In the goal-oriented case, the fixed_point_iteration() method takes a similar form, except that indicate_errors() is called, rather than solve_forward(). That is, the forward problem is solved over all meshes in the sequence, then the adjoint problem is solved over all meshes in reverse and finally goal-oriented error indicators are computed. As such, the adaptor function depends on these error indicators, as well as the MeshSeq and solution field dictionary (which contains solutions of both the forward and adjoint problems).

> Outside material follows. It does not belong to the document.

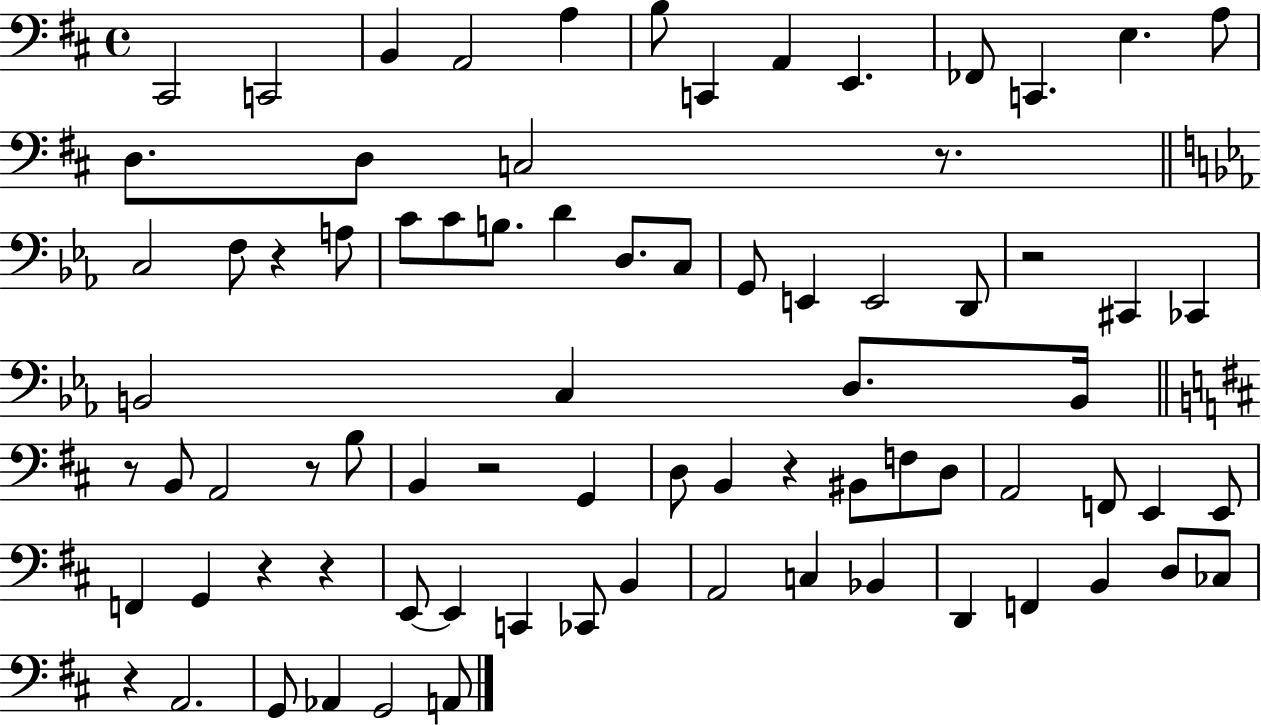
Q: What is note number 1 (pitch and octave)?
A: C#2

Like with the simpler case, the goal-oriented fixed point iteration loop is terminated if the maximum iteration count or relative element count convergence conditions are met. However, there are two additional convergence criteria defined in GoalOrientedParameters. Convergence is deduced if the QoI value changes between iterations by less than qoi_rtol. It is similarly deduced if the error estimate value changes by less than estimator_rtol.

3.4. References

[CWK+22]

Mariana CA Clare, Joseph G Wallwork, Stephan C Kramer, Hilary Weller, Colin J Cotter, and Matthew D Piggott. Multi-scale hydro-morphodynamic modelling using mesh movement methods. GEM-International Journal on Geomathematics, 13(1):1–39, 2022. doi:10.1007/s13137-021-00191-1.

[MCB18]

Andrew TT McRae, Colin J Cotter, and Chris J Budd. Optimal-transport–based mesh adaptivity on the plane and sphere using finite elements. SIAM Journal on Scientific Computing, 40(2):A1121–A1148, 2018. doi:10.1137/16M1109515.